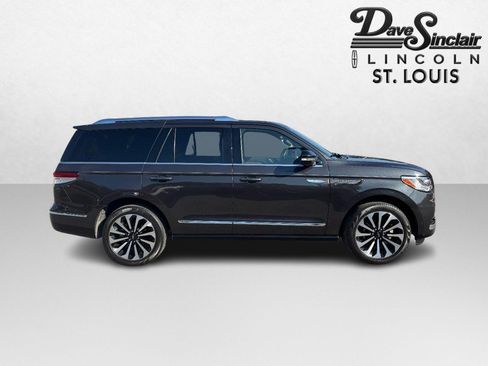 Certified 2023 Lincoln Navigator Reserve AWD/4WD image 2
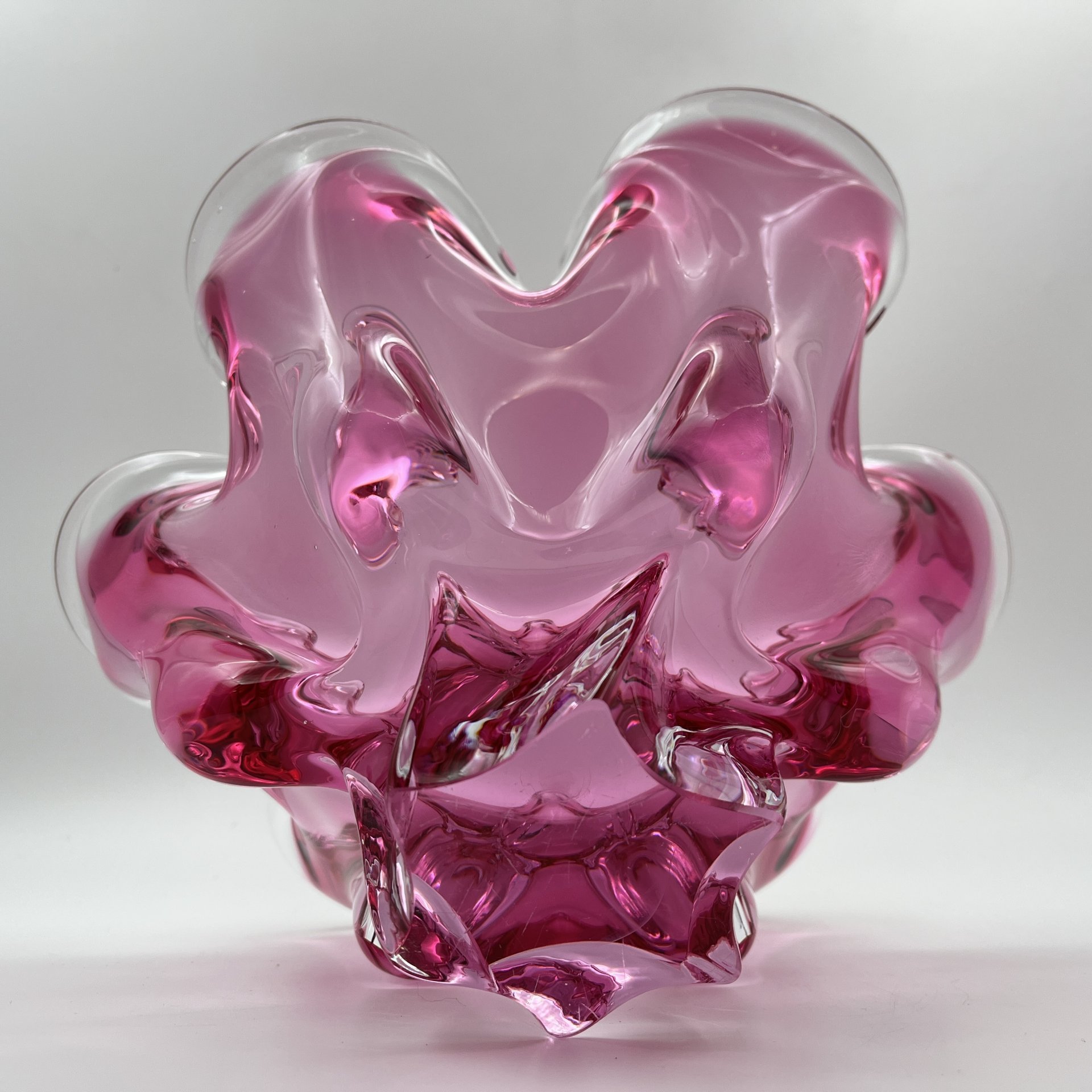 Ваза для фруктов розового оттенка с волнистым бортом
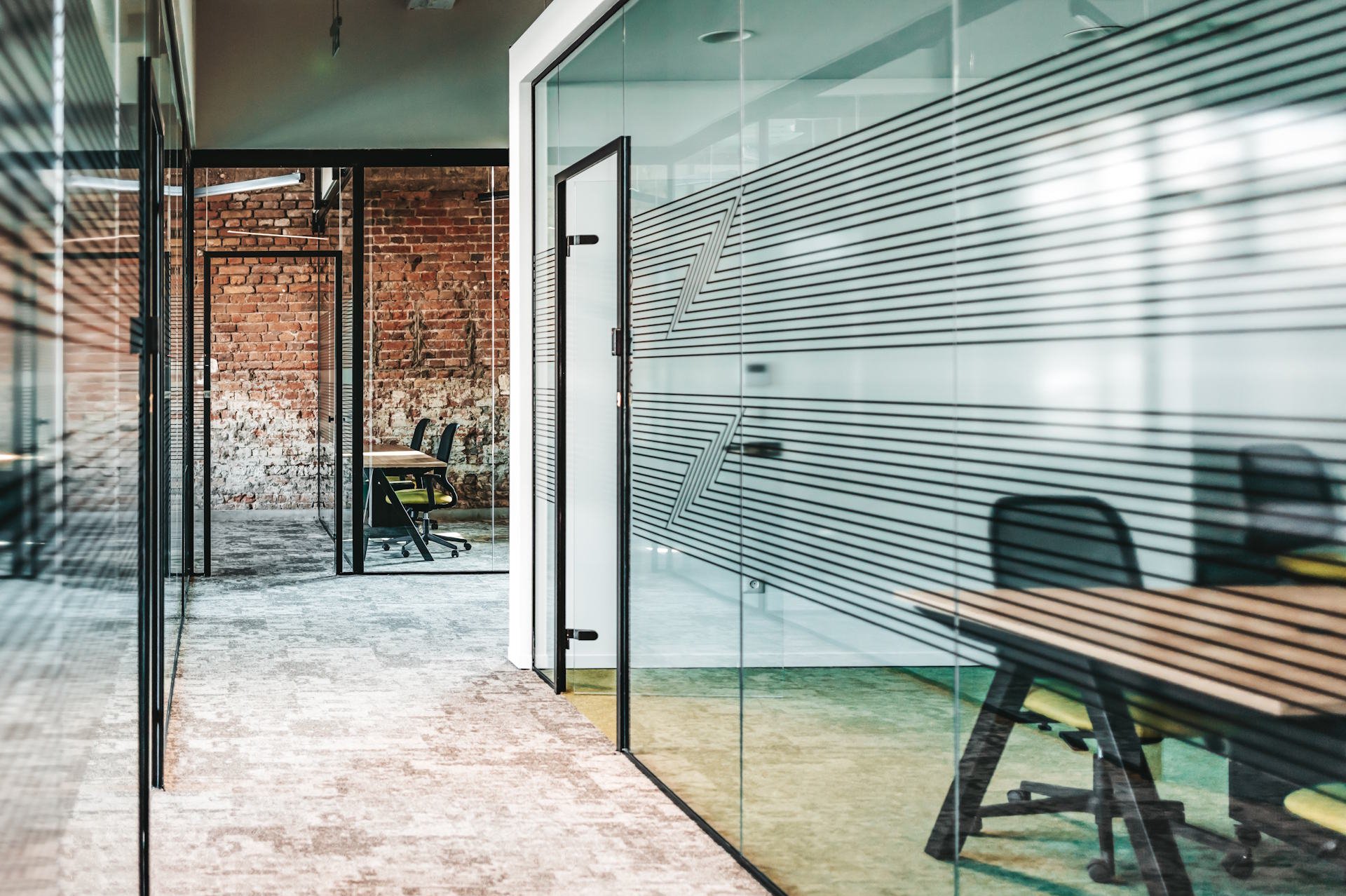 HolzPartner in Rathenow bietet moderne Raumteiler und Glastüren für Berlin und Brandenburg – ideal für lichtdurchflutete Wohn- und Arbeitsbereiche. Mit klaren Linien und stilvollem Design schaffen Sie Offenheit, Struktur und ein elegantes Raumgefühl.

* _Work required_: Without including the pictures, copy all of the data exactly.

* _Answer to this problem_:
 Certified 2023 Lincoln Navigator Reserve AWD/4WD image 2
 Ваза для фруктов розового оттенка с волнистым бортом
 HolzPartner in Rathenow bietet moderne Raumteiler und Glastüren für Berlin und Brandenburg – ideal für lichtdurchflutete Wohn- und Arbeitsbereiche. Mit klaren Linien und stilvollem Design schaffen Sie Offenheit, Struktur und ein elegantes Raumgefühl.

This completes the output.